Biden Administration Strengthens Clawback Rules for Executive Compensation in Banks


(MENAFN) The Biden administration has taken steps to restore confidence in the nation’s banks, with the Federal Reserve offering them a new backstop. Banks have borrowed a combined $164.8 billion from two Federal Reserve backstop facilities in the most recent week. The US Treasury and the Federal Deposit Insurance Corp. have also intervened to protect all depositors of both SVB and Signature.

The Securities and Exchange Commission (SEC) has adopted a final rule that requires public companies to implement policies to recover, or "claw back," erroneously awarded incentive-based compensation from current and former executive officers in the event of an accounting restatement, regardless of whether the restatement was due to misconduct or fraud. This rule was mandated by the 2010 Dodd-Frank Act. Companies will likely be required to implement clawback policies by the end of 2023 or early 2024, according to Davis Polk.
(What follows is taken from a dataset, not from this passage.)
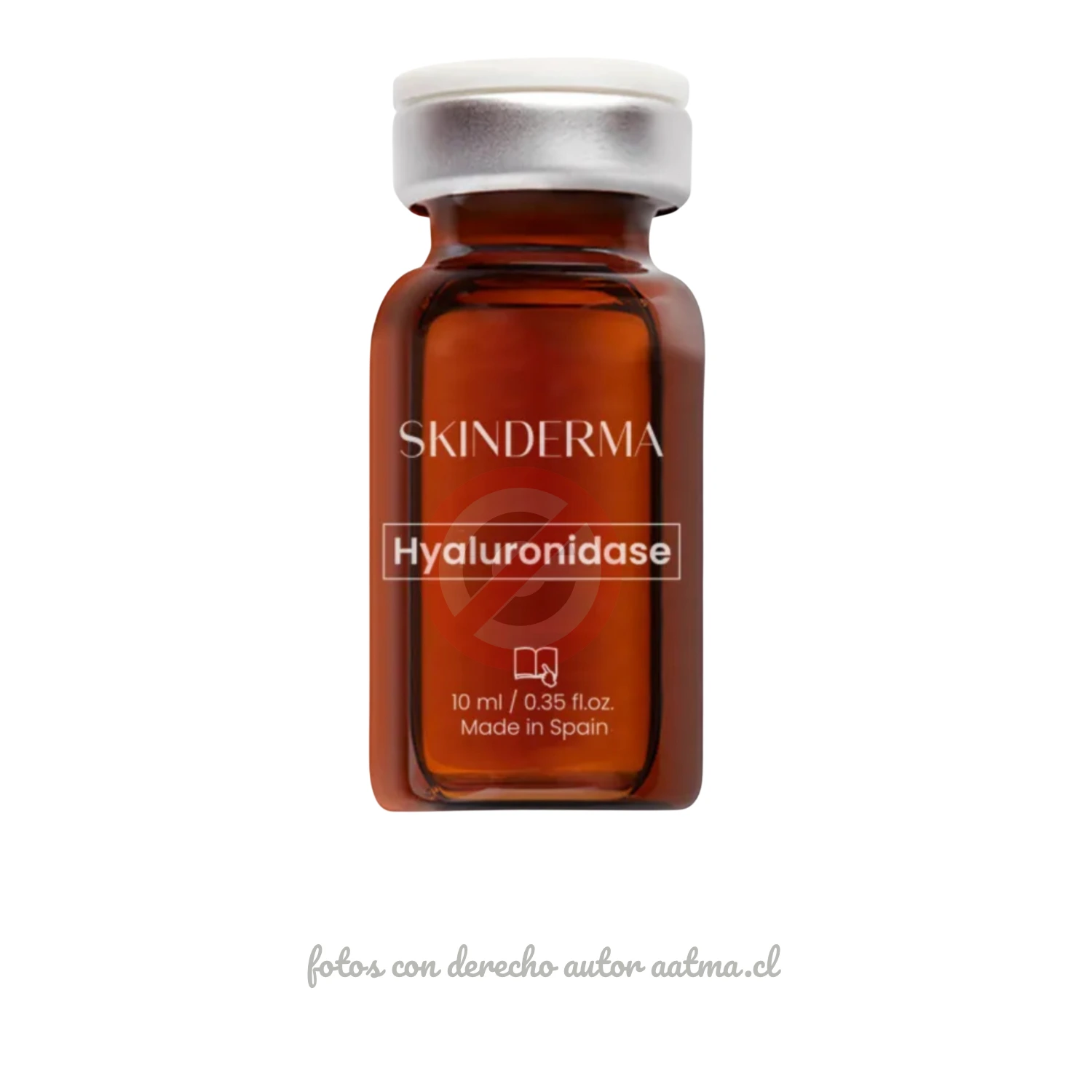 Hialuronidasa 1 ampolla de 10ml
The new clawback rule requires that a listed company adopt and disclose a policy for the recoupment of incentive compensation from its current and former executive officers in the event the company is required to prepare “an accounting restatement due to material noncompliance” under the securities law (colloquially referred to as a “clawback”). A clawback policy must apply to current and former “executive officers,” which the rules define as a company’s president, chief financial officer, principal accounting officer, any vice president in charge of a principal business unit or any other person in a company policymaking position. The policy will also apply to any individual who served as an executive officer at any time during the performance period that applied to the incentive-based compensation that the individual received.

The new rules (Rule 10D-1) direct national securities exchanges and associations to establish listing standards requiring registrants to implement “clawback” policies to recoup incentive-based compensation following a material restatement of financial disclosures.